Do we need yet another food ceremony, guide or list? That’s what everyone wonders. There’s the very comprehensive Michelin guide covering territories individually, and there’s the World’s 50 Best Restaurants that achieved the extraordinary result of making our planet smaller, allowing restaurants in Cape Town and Hong Kong to compete with those in London and Paris. Of course, any guide or list comes with criticism: how can this restaurant have three Michelin stars and another have just one? How come all these top restaurants are run by male chefs? How do we know that the voting system actually reliable?
The creative minds of Warwick and Petrini saw a gap, and together with entertainment giant IMG – the guys who run the New York Fashion Week, Frieze Art Fair and Taste of London, among other things – decided to try and fill it. How? This is where it becomes interesting. Food media and restauranteurs are not summoned for an announcement, they are asked to help draft the rules. Throughout the day, we listen to proposals and we discuss the code of practice, ethics and even what awards to give.
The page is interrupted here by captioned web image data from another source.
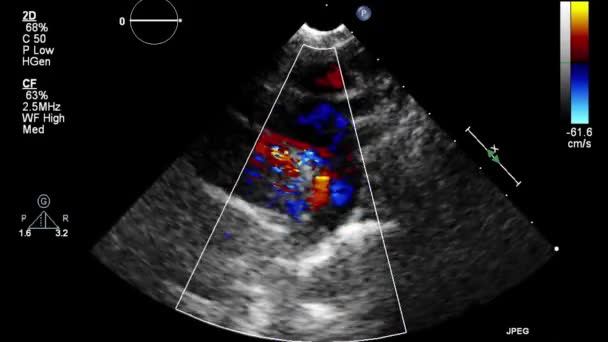 Ultrasound Transesophageal Pemeriksaan Jantung — Stok Video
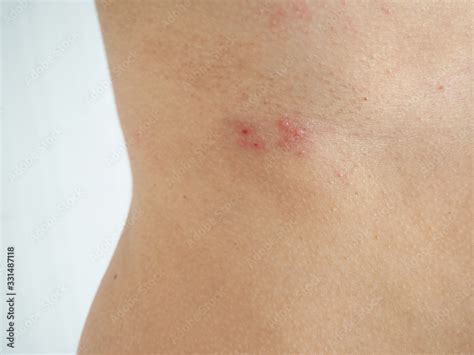 Herpes Zoster Or Shingles In Woman On Her Waist Cause Of Varicella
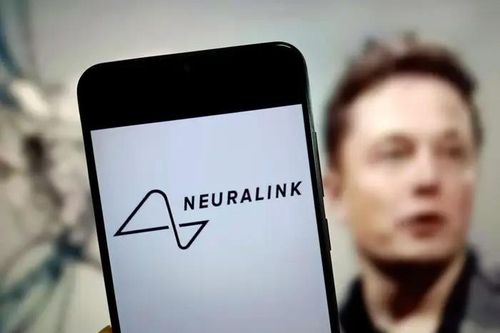 Chip cấy não của Elon Musk lộ khả năng đặc biệt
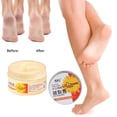thumbnail image 2 of Xihbxyly Crema para Piel Agrietada, Crema Terapéutica Avanzada para Manos, Tratamiento Hidratante para Pies, Fórmula Reparadora de Rápida Absorción, Uso Diario para Piel Seca, Ideal para El Cuidado I, 2 of 7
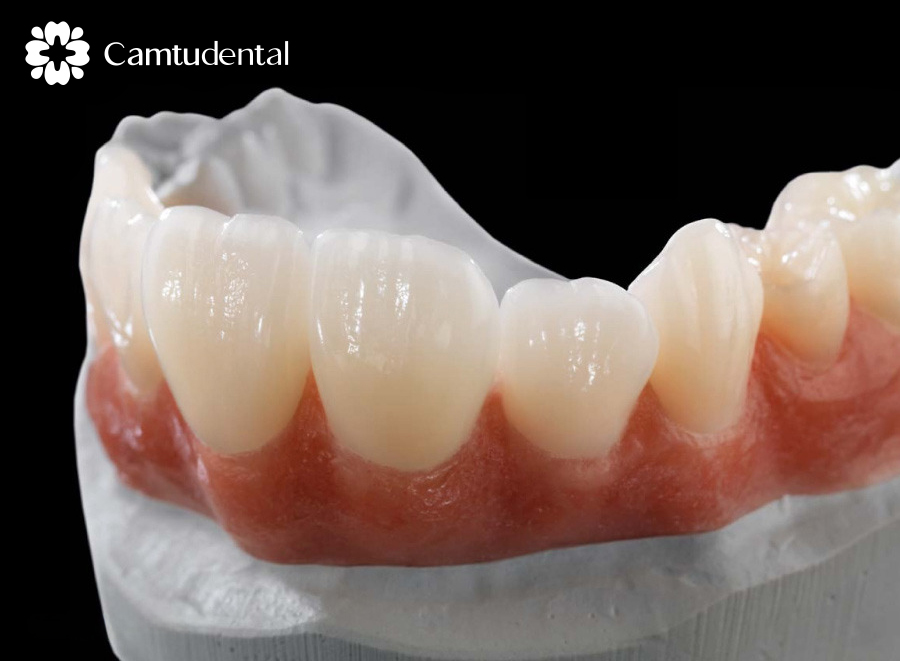 image 72 - Vì sao nên lựa chọn bọc răng sứ không kim loại tại Nha khoa Cẩm Tú? - Hệ thống Nha khoa Cẩm Tú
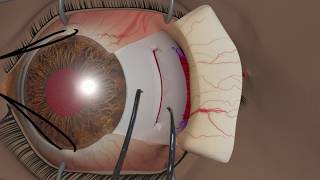 Strabismus surgery Recession [upl. by Sicnarf]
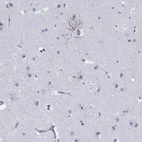 Immunohistochemical staining of human cerebral cortex shows high expression.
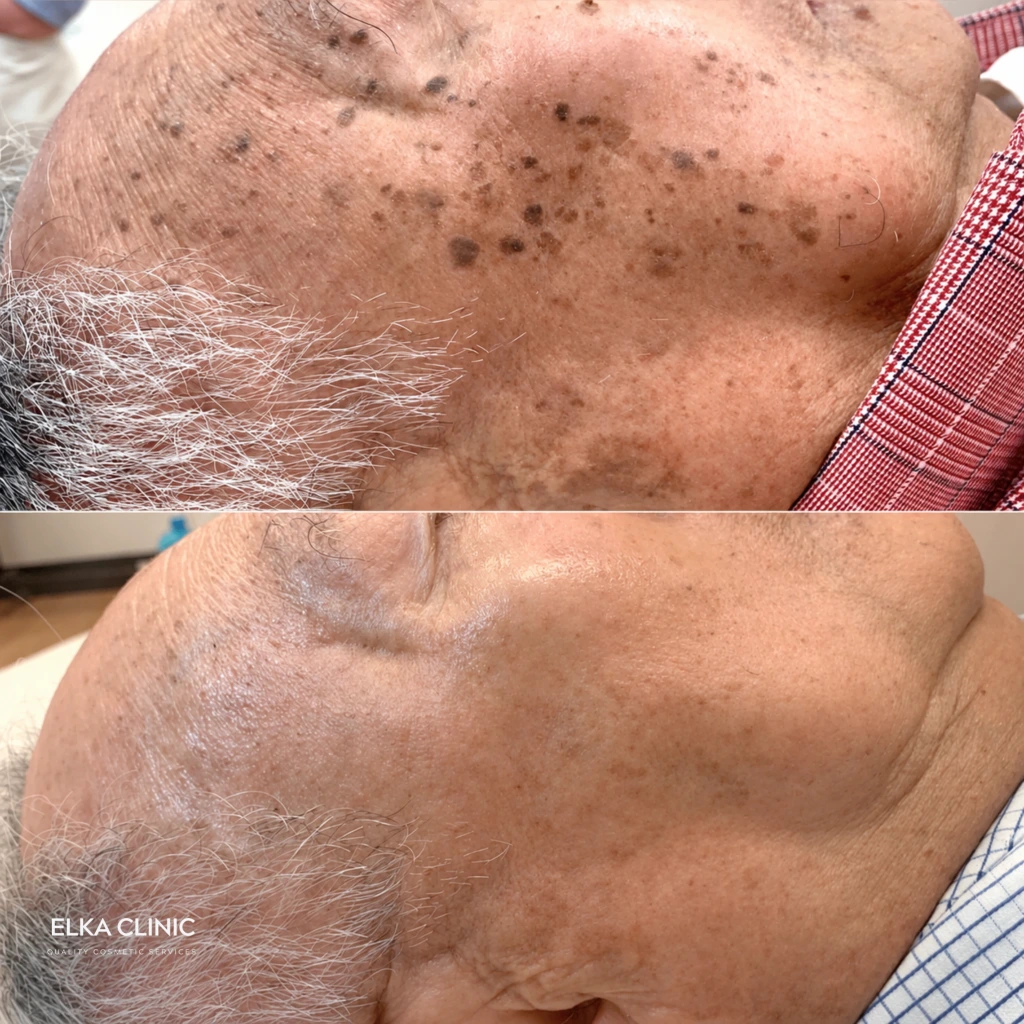 Before and after photographs of multiple benign skin lesion removal with Plasma Pen at ELKA CLINIC in Perth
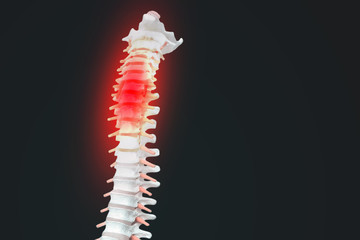 Realistic skeletal human spine and vertebral column or intervertebral discs on a dark background....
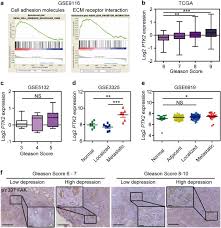 Grading is an important part of the evaluation of your prostate cancer. Depression Promotes Prostate Cancer Invasion And Metastasis Via A Sympathetic Camp Fak Signaling Pathway Oncogene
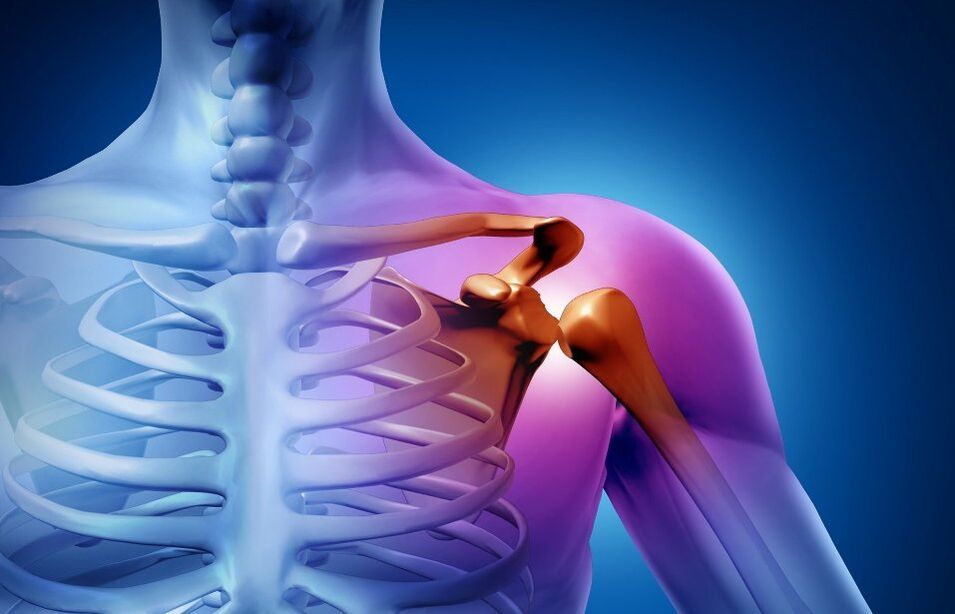 lesión en la articulación del hombro por artrosis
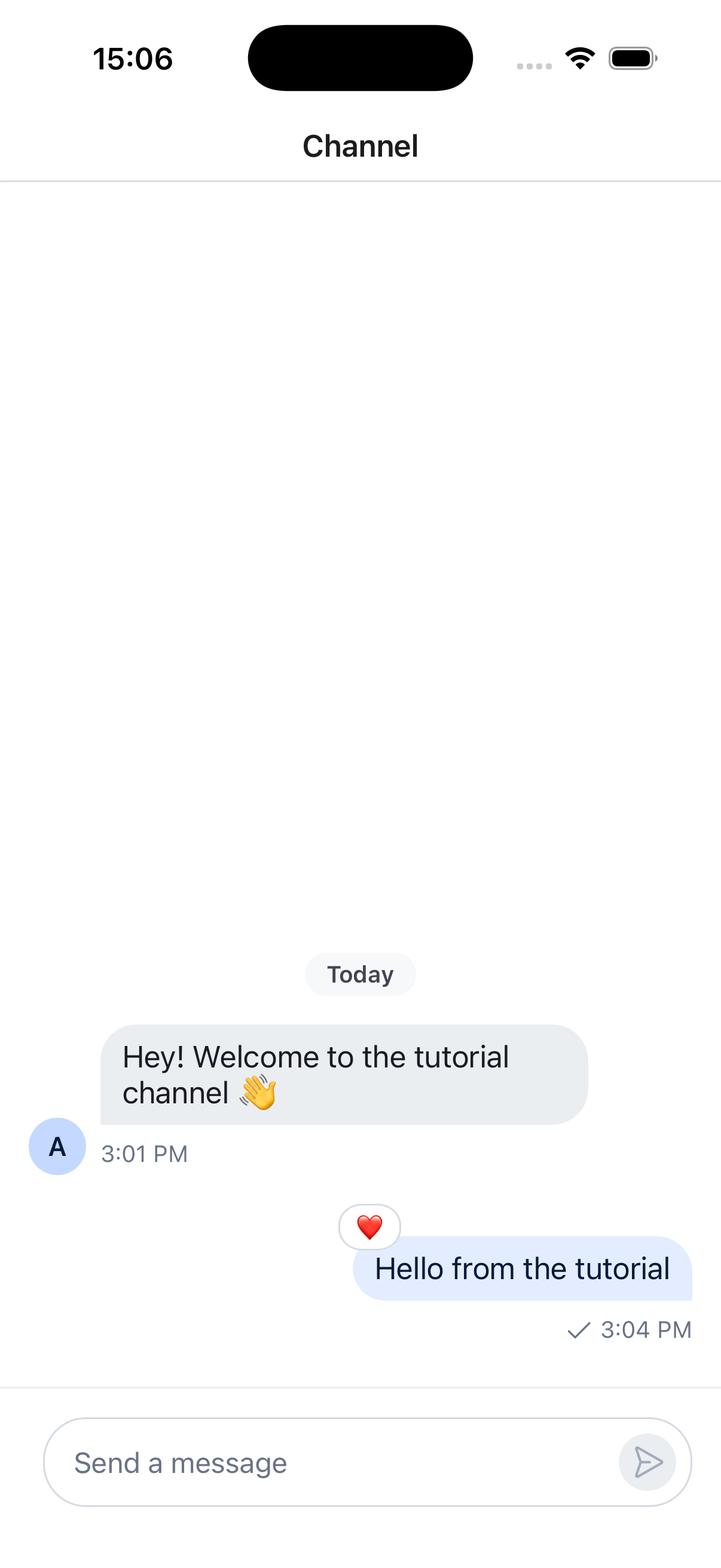 Channel screen on iOS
Everyone agrees that diversity should be of paramount importance. But there is friction and disagreement too, which ultimately help the debate. World-renowned chefs such as Massimo Bottura, Daniel Humm, Yannick Alléno, Clare Smyth, Ana Roš, Alex Atala and Virgilio Martinez make their own contribution, even challenging the entire process. We split into three groups and talk and argue: should free meals at a restaurant count or would that mean that chefs are buying their way in? On the other hand, would jurors be able to afford all the necessary visits to fulfil their duties if they had to pay for them?
The aim of this series of talks and workshops is to ask a select number of jurors – 100, transparently announced – to collaborate in order to find the smartest and fairest method to identify, map and celebrate the talent behind unrecognised restaurants across the globe. By the evening, at Mauro Colegreco’s brasserie, we speak again with Warwick and Petrini, who admit they didn’t anticipate the level of confrontation – and they are very excited about it and the consequent work to be done.
The World Restaurants Awards will take place in Paris on 18th February 2019, and for the first time ever it will be broadcast on television in a format that Justin Clarke – managing culinary director for IMG – promises to be “a first-of-its-kind and star-studded awards programme”.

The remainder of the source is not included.